25.01.: Ingeborg BACHMANN – Buchpräsentationen
Uta Degner und Irene Fußl-Pidner
Ingeborg Bachmann: Spiegelungen eines Lebens
Ingeborg Bachmann: Die gestundete Zeit
Buchpräsentation und Lesung
Donnerstag, 25. 01. 2024
19.30 Uhr
Moderation: Anke Bosse
Lesung: Susanne Kubelka
Ingeborg Bachmann. Spiegelungen eines Lebens
50 Jahre nach ihrem Tod in Rom gibt dieser einzigartige Bildband einen tiefen Einblick in Leben und Werk der großen Dichterin. Selten gezeigte Fotografien aus dem Familienbesitz und entlegenen Quellen zeichnen Ingeborg Bachmanns Lebensweg nach: ihren Abschied von der Kärntner Kindheitslandschaft und den Umzug nach Italien, den kometenhaften Aufstieg, das Ringen um Unabhängigkeit. Deutlich werden die enge Verwobenheit von Leben und Literatur, aber auch die schwierige Selbstbehauptung als schreibende Frau in Literaturbetrieb und Mediengesellschaft. Wie keine zweite deutschsprachige Autorin stand Ingeborg Bachmann im Licht der Öffentlichkeit. Sie verkörperte den Aufbruch in den 1950er-Jahren wie die Frauenbewegung der 1970er. Die Fotos zeigen, dass eine Trennung zwischen ‚öffentlich‘ und ‚privat‘ nicht möglich war.
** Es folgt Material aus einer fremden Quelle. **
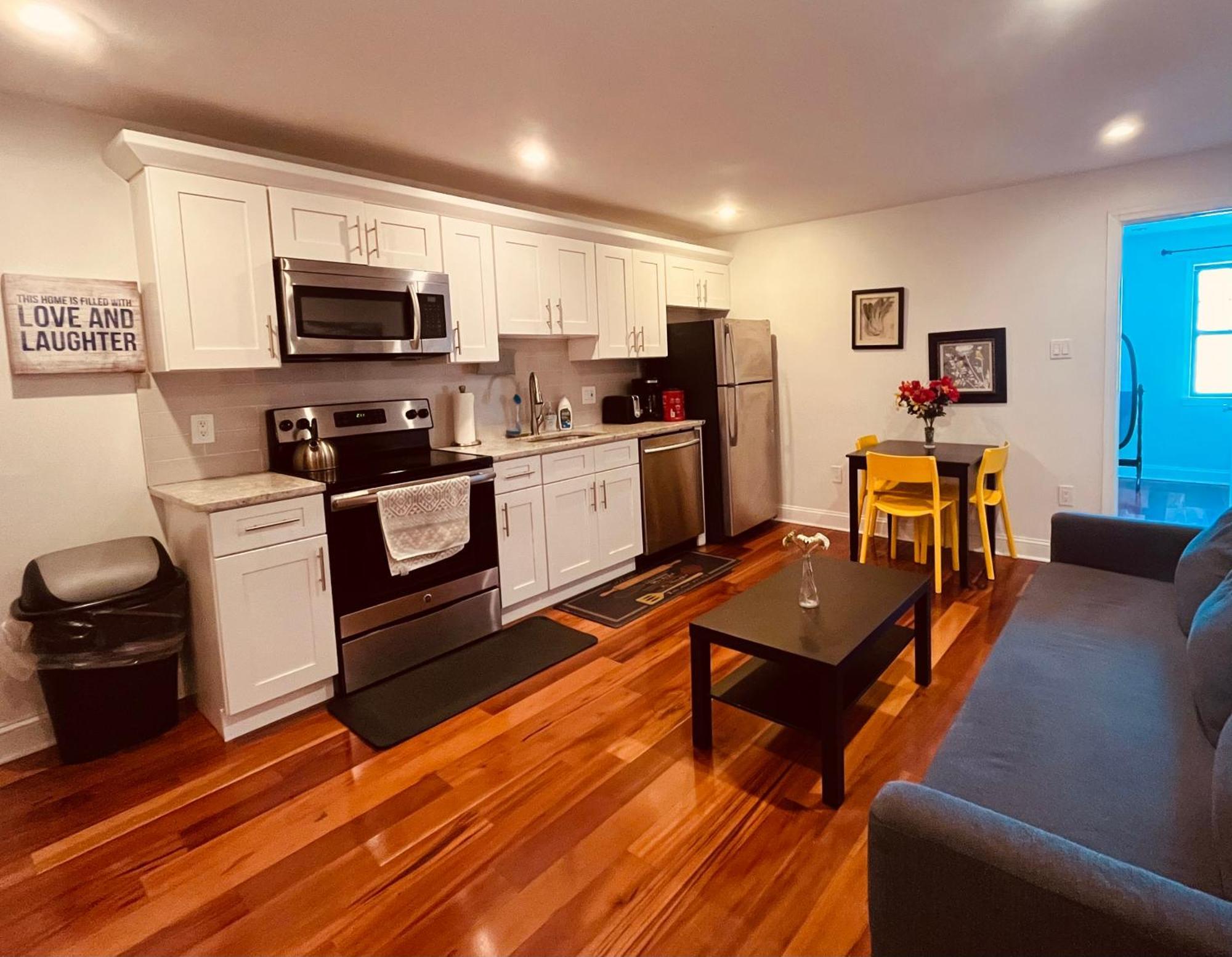 Modern Cozy Unit Near Geno's & Pat's Appartement *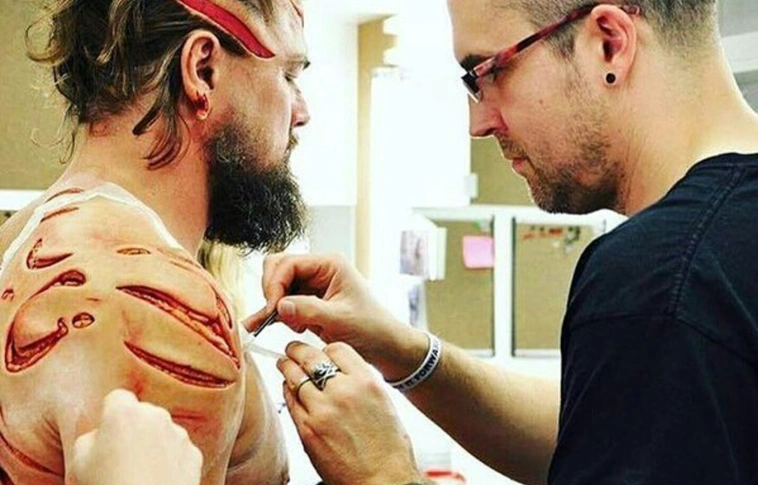 Őrületes sebhelyek Leonardo DiCaprio-n – a fotó futótűzként terjed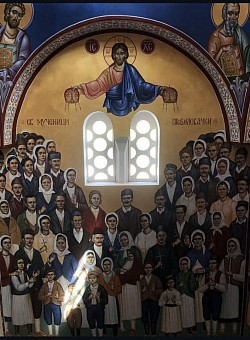 зидно сликарство у припрати цркве са приказима светитеља и празника у византијском стилу - фрескопис на сводовима цркве, детаљни прикази светитеља и христа сведржитеља у куполи храма светог архангела гаврила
Was sie in ihrer Gesamtheit sichtbar machen, sind die vielen Gesichter der Bachmann, ihre Wandlungsfähigkeit und Ausstrahlung, ihre einzigartige Aura.
Uta Degner lehrt als assoziierte Professorin Neuere Deutsche Literatur an der Universität Salzburg. Gastprofessuren in Leiden und Wien, Gastdozenturen in Verona und Neapel. Gemeinsam mit Irene Fußl gibt Uta Degner die Werke und Briefe Ingeborg Bachmanns in der Salzburger Bachmann Edition heraus.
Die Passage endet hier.